Differences in Rules


Rare situations and advanced tricks


  • In Lynx, a monster that enters a blocked teleport will be unaffected by the teleport, and will attempt to make its next move as usual. But if it tries to move in a direction that is blocked, it will then teleport in that direction if possible. Thus, walkers or blobs entering a teleport blocked along the line of entry could likely end up teleporting in a transverse direction. Other creatures too may teleport in unexpected directions - if the tile they chose to retreat into gets occupied by a creature that moves earlier in the "creature order".
  • In MS, Chip is never safe from a sliding block headed towards him, even if the tile that he is standing on is one that the block would normally bounce off. Such tiles are: thin walls, ice corners, thief tiles, closed toggle walls and popup walls.
  • In MS, creatures (including Chip and blocks) starting out on force floors or ice tiles are not initially subject to those forces, and can move off in any direction - whenever they feel like doing so. In Lynx, creatures are immediately governed by these forces and will be pushed in the appropriate direction. A "directional" cloner block on ice will move in its assigned direction. A "normal" block on ice will move north. Thus, the level shown in the image can be solved in Lynx.
  • In MS, toggle walls and teleports that start out below Chip or a block remain "dead". Such toggle walls will never switch states, and such teleports will not participate in the network of remaining teleports. Therefore, the very simple level shown in the image cannot be completed in MS.
  • In MS, when Chip knocks off a block onto a button without moving himself, the button is not triggered. This has been termed the "button smash" glitch. In the example, pushing the block will not clone the fireball and the bomb will remain intact.
  • When Chip enters a teleport at the same time that a monster has stepped into the destination teleport, he will "partial post" to the next teleport. This is true of both modes. But when the creature comes sliding in to the teleport, Chip is bound to die in MS, but not so in Lynx. In the teleport arrangement seen here, if Chip enters just as the glider is returning into the middle teleport, he will partial post to the exit on the right. If he waits just a bit longer so that it's coming back out of the one at the bottom, he will still dodge it, rebound and reach the exit on the left. These solutions would be possible even if the glider were to be replaced by a block.
  • In Lynx, cloning is a single-step process: if the output tile is vacant when the red button is hit, the clone immediately enters that tile. In MS, the output tile is checked when the button is hit, but the clone will be placed in the tile on the next move. Now if the tile has since been occupied or sealed, the clone will still exist, hidden inside the clone machine, waiting for a chance to come out.
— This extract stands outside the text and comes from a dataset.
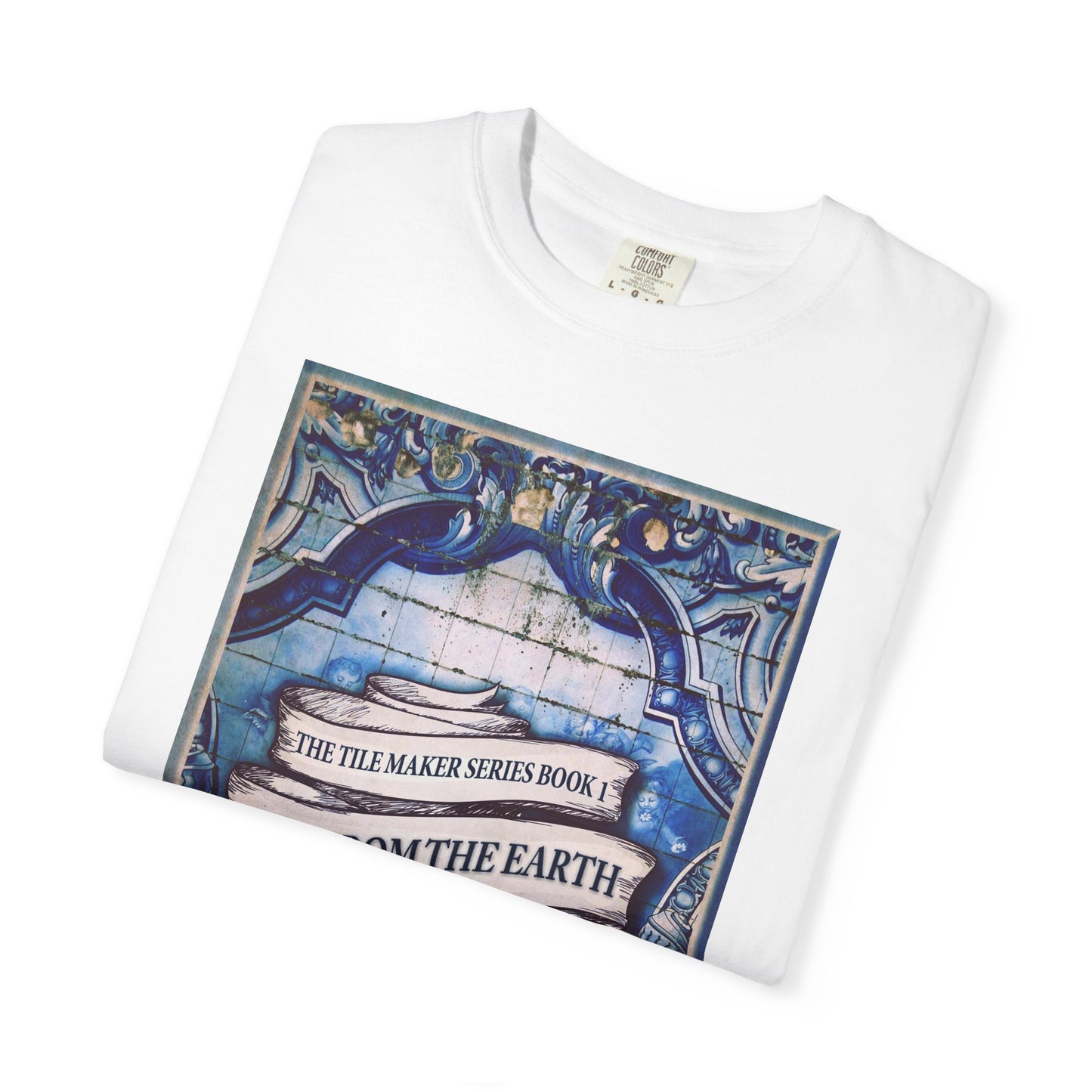 Cut From The Earth - Unisex T-Shirt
    Such "latent" clones may also be created when the output tile wasn't even vacant in the first place - when it was occupied by a monster of the same species facing the same direction as the cloner. What's more is that tank clones waiting to be released can be turned around by blue buttons, and doing so will also flip the direction of the tank cloner itself.
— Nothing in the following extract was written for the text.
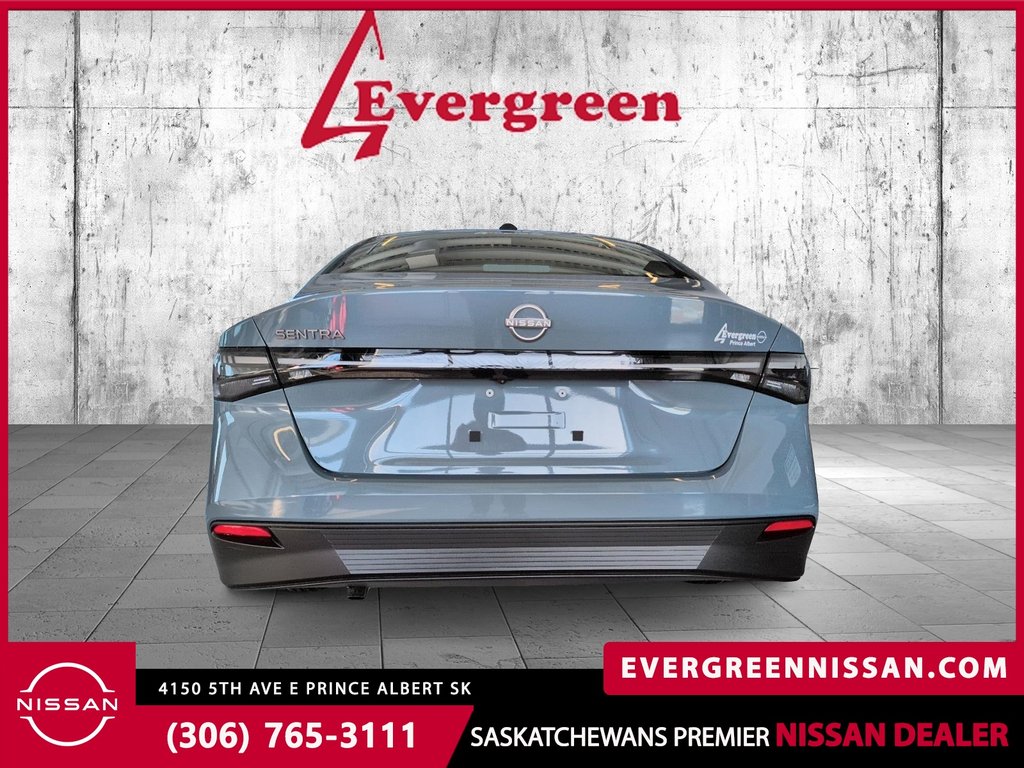 2026 Nissan Sentra S in Prince Albert, Saskatchewan - 6 - w1024h768px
    By putting all this together, the adjoining example allows reaching either exit in MS, but neither in Lynx.

  • To quote Brian Raiter, "When I originally started compiling this document, I had hoped to make it comprehensive. ... I no longer entertain such hopes, however, as I have come to realize that the differences are too numerous."

    Several complex differences have not been listed in this guide. There are also some known bugs in Tile World's implementation of the rules, which might perhaps be fixed in a later version. Information regarding all these can be found elsewhere: see the "Further Reading" section that follows. There might also remain a few differences that are not yet documented, or even discovered.

    Don't bother too much about these differences; the goal is simply that levels be equally enjoyable in both rulesets.